At last we have made it to the Collingwood Arms. Firstly, we were prevented by the fishing season, when it was fully booked for weeks on end, and then by two-and-a-half feet of snow that blocked our progress up the A1 last November.
This time, our journey was laughably easy, and a more relaxing, solid, reassuring and unpretentious hotel in which to while away some time would be hard to imagine.
It stands on what used to be the main road to Edinburgh, with the River Tweed glinting below. A tollgate once stood opposite, and the Collingwood Arms, named after Cuthbert Collingwood, one of Nelson's great admirals, still bears the words Post Horses beneath its name on the façade, announcing the coaching inn it once was.
But one of those rambling, awkward coaching inns it most certainly is not. A plain, reassuring, stone-built Georgian edifice, with two rows of elegant sash windows, it feels more like a gentleman's residence, with a wide central hall and a well-proportioned library/sitting room leading off.
It has always had a place in the local community – my friend Chris remembers coming often as a child for Sunday lunches – and locals still prop up the bar, though since a recent sympathetic makeover, the bar is now part of a contemporary, wood-floored brasserie where light dishes are served.
I don't know who was responsible for the transformation (the hotel was bought by John Cook, a Tweed fisherman, and is run by jovial Scotsman Kevin Kenny), but it's plain that the work was carried out with proper deference to the building's fine heritage.
The interior decoration fits perfectly. No one, mercifully, has been along and decided that it all has to look like a Moroccan souk or a Zen zone; instead, you'll find antiques, newly covered (but traditionally shaped) sofas and armchairs, Persian rugs and soft, muted colours for curtains and fabrics. Bathrooms are mostly large and stylish, painted in duck-egg blue or sage green.

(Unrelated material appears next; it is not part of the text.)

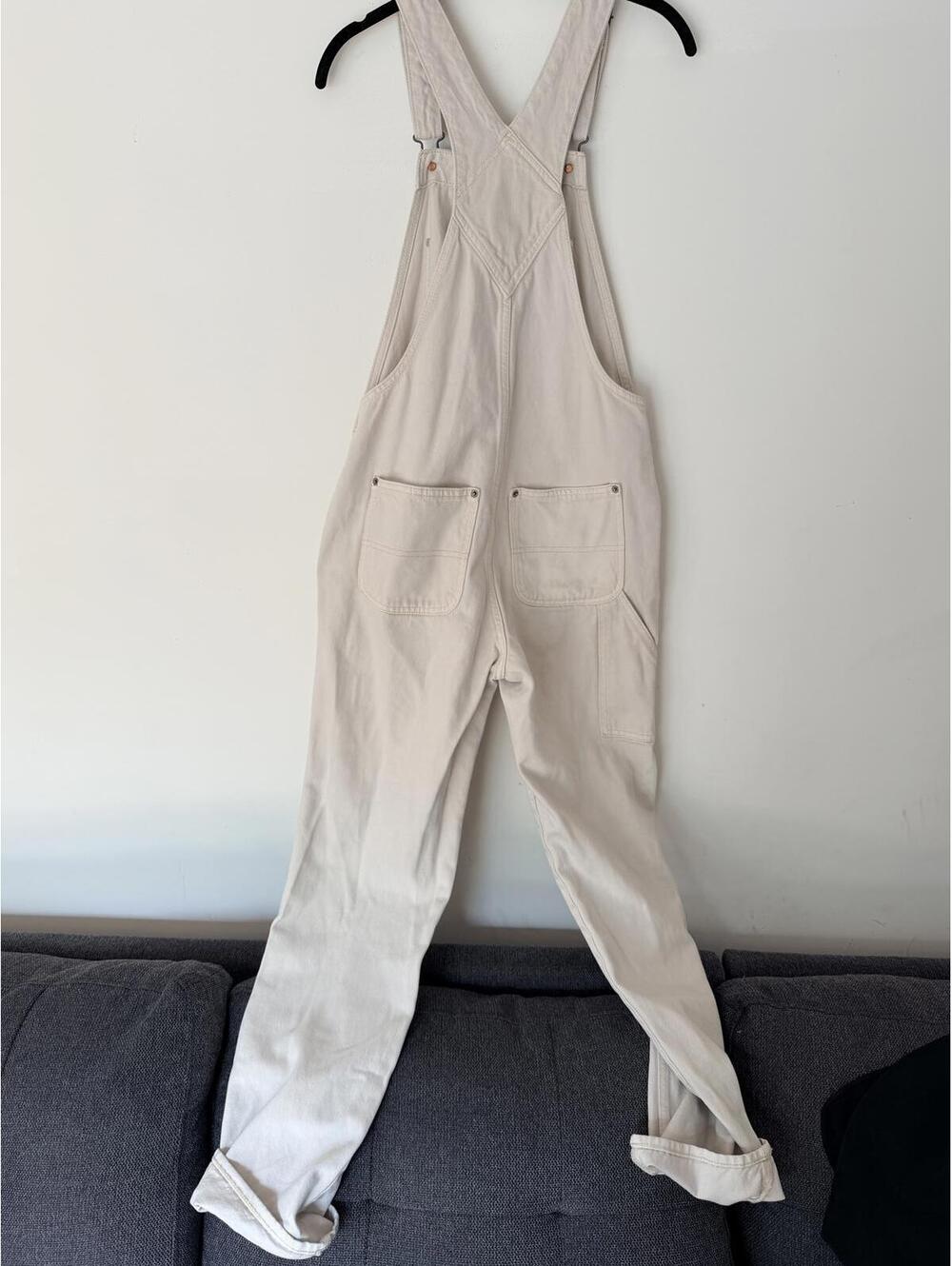 Old navy Light Beige Cotton Overalls with Adjustable Straps size 2 tall - Picture 5 of 5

All 16 rooms are named after ships in Vice-Admiral Collingwood's "van" at Trafalgar. We had to force ourselves to leave the library, where we had flopped after an excellent breakfast (featuring a honeycomb from Chain Bridge Honey Farm; see "Fiona's Choice", right), and walk along the river.
Best of all is the dining room. Edginess makes for poor eating; how much more satisfying food seems to be when you're on comfortable seats in a relaxing room, and here we tucked into locally sourced dishes that were as sound as the hotel itself. One of us, the cookery expert and teacher Jane Lovett, declared her food excellent, and she should know. I certainly loved my grilled black pudding and leek starter and my chicken was pretty good, too.

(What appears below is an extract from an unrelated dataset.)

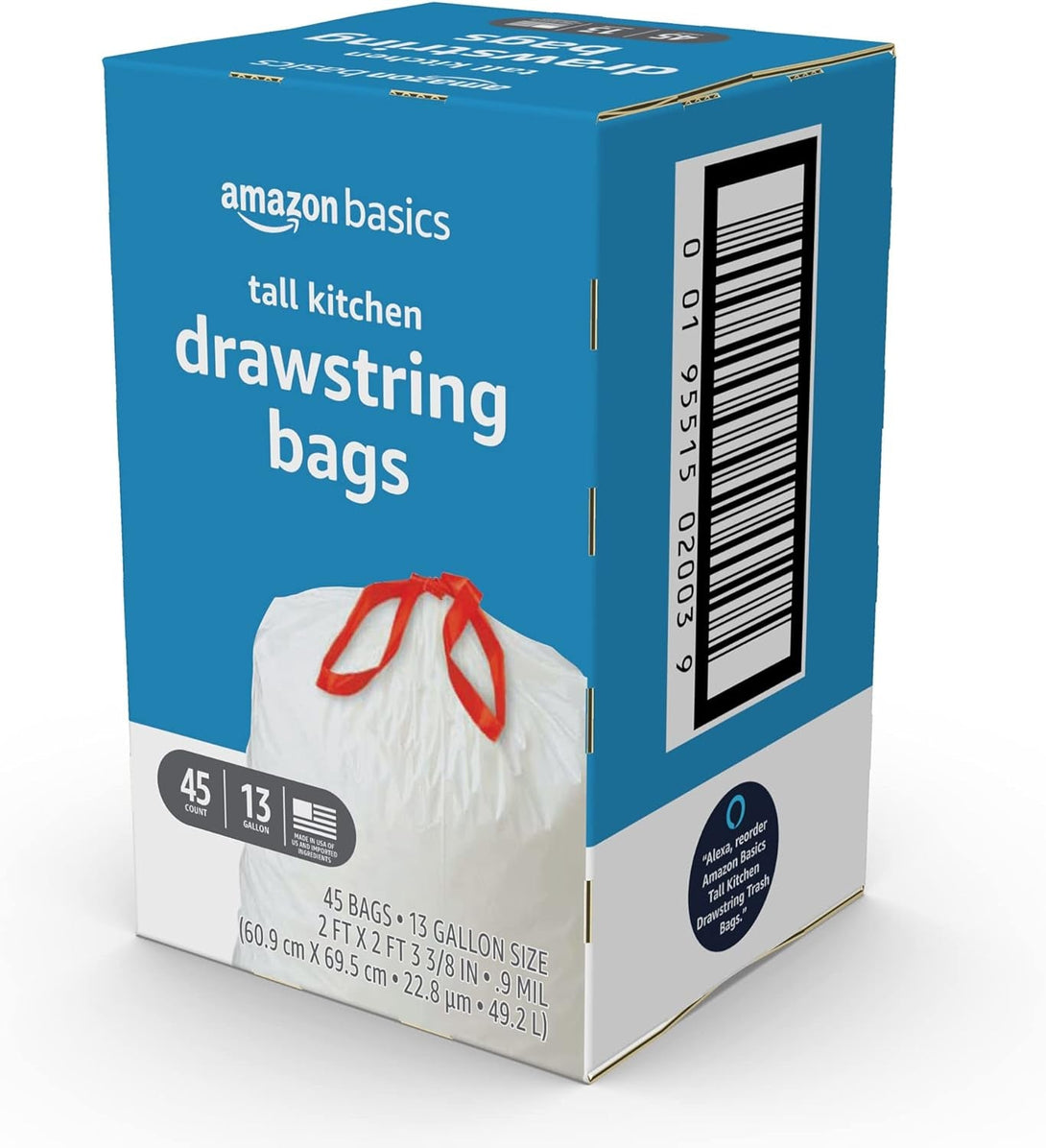Amazon Basics Trash Bags, Tall Kitchen Drawstring, Unscented, 13 Gallon, 45 Count, Pack of 1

But it's the presence of the Tweed, one of the world's great salmon rivers, protected by Act of Parliament and administered by a board of commissioners, that adds special character to the Collingwood Arms. Perhaps it's the patient nature of the fishing community that gives the place its benign feel; certainly for anyone wanting to cast a fly here, it's perfect.

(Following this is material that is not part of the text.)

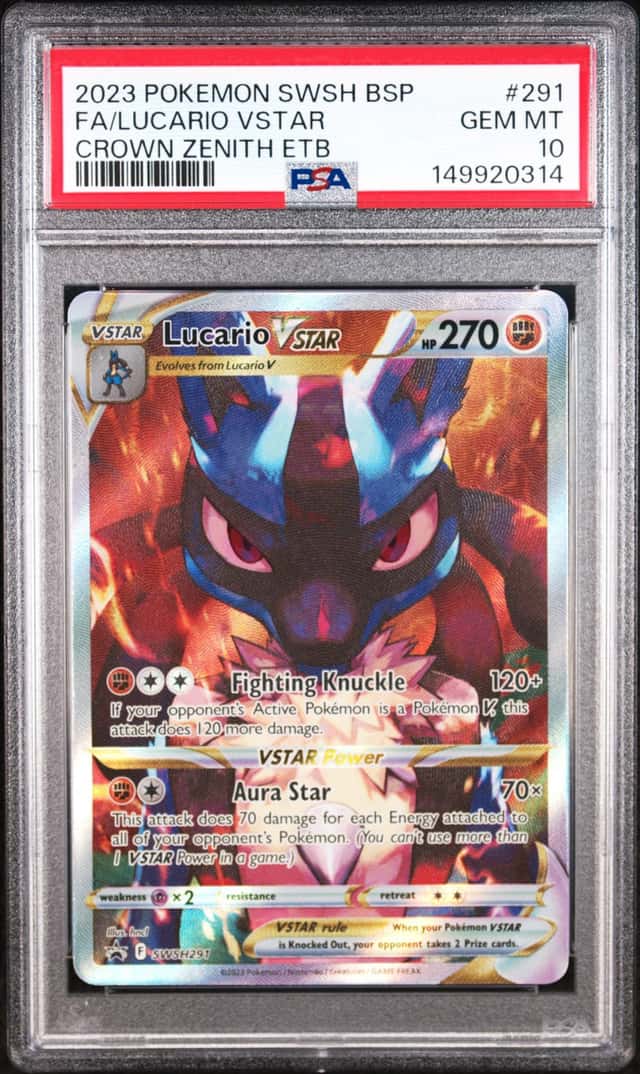 2023 Pokemon TCG Lucario VSTAR SWSH291 Crown Zenith ETB Promo Card PSA 10 GEM MT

- Main Street, Cornhill-on-Tweed (01890 882424;www.collingwoodarms.com). Doubles from £118 per night, including breakfast. Ground-floor room for guests with disabilities. Jane Lovett (www.janelovett.com). Trains to Berwick: East Coast (08457 225225;www.eastcoast.co.uk). Car hire: Europcar (08713 849847;www.europcar.co.uk
Anyone interested in fishing on the Tweed should visit the Fish Tweedwebsite at www.fishpal.com for all information, including seasons to fish, booking and prices.
WHERE TO EAT
Best bets are No 1 Sallyport, Berwick-on-Tweed (1 Sallyport Off Bridge Street; 01289 308827; www.sallyport.co.uk), and the Allanton Inn, Allanton (01890 818260; www.allantoninn.co.uk), though generally there is not a great choice; better to stay put or take a packed lunch on a long walk.
WHAT TO SEE
Northumberland and the Borders are rich in things to see and do, from the natural beauty of the landscape to great houses such as Floors Castle, Alnwick Castle and Garden, or Mandeston, with its famous silver staircase. Recommended is the Hirsel Garden at Coldstream (just down the road). The home of former Prime Minister Alec Douglas-Home, it is especially noted for its rhododendrons and azaleas.
Also consider Abbotsford, near Melrose (01896 752043;www.scottsabbotsford.co.uk), also on the banks of the Tweed, the home of Sir Walter Scott, who designed it, and WS Robson's Chain Bridge Honey Farm, the most comprehensive beekeeping exhibition in the UK (Horncliffe; 01289 382362; www.chainbridgehoney.co.uk).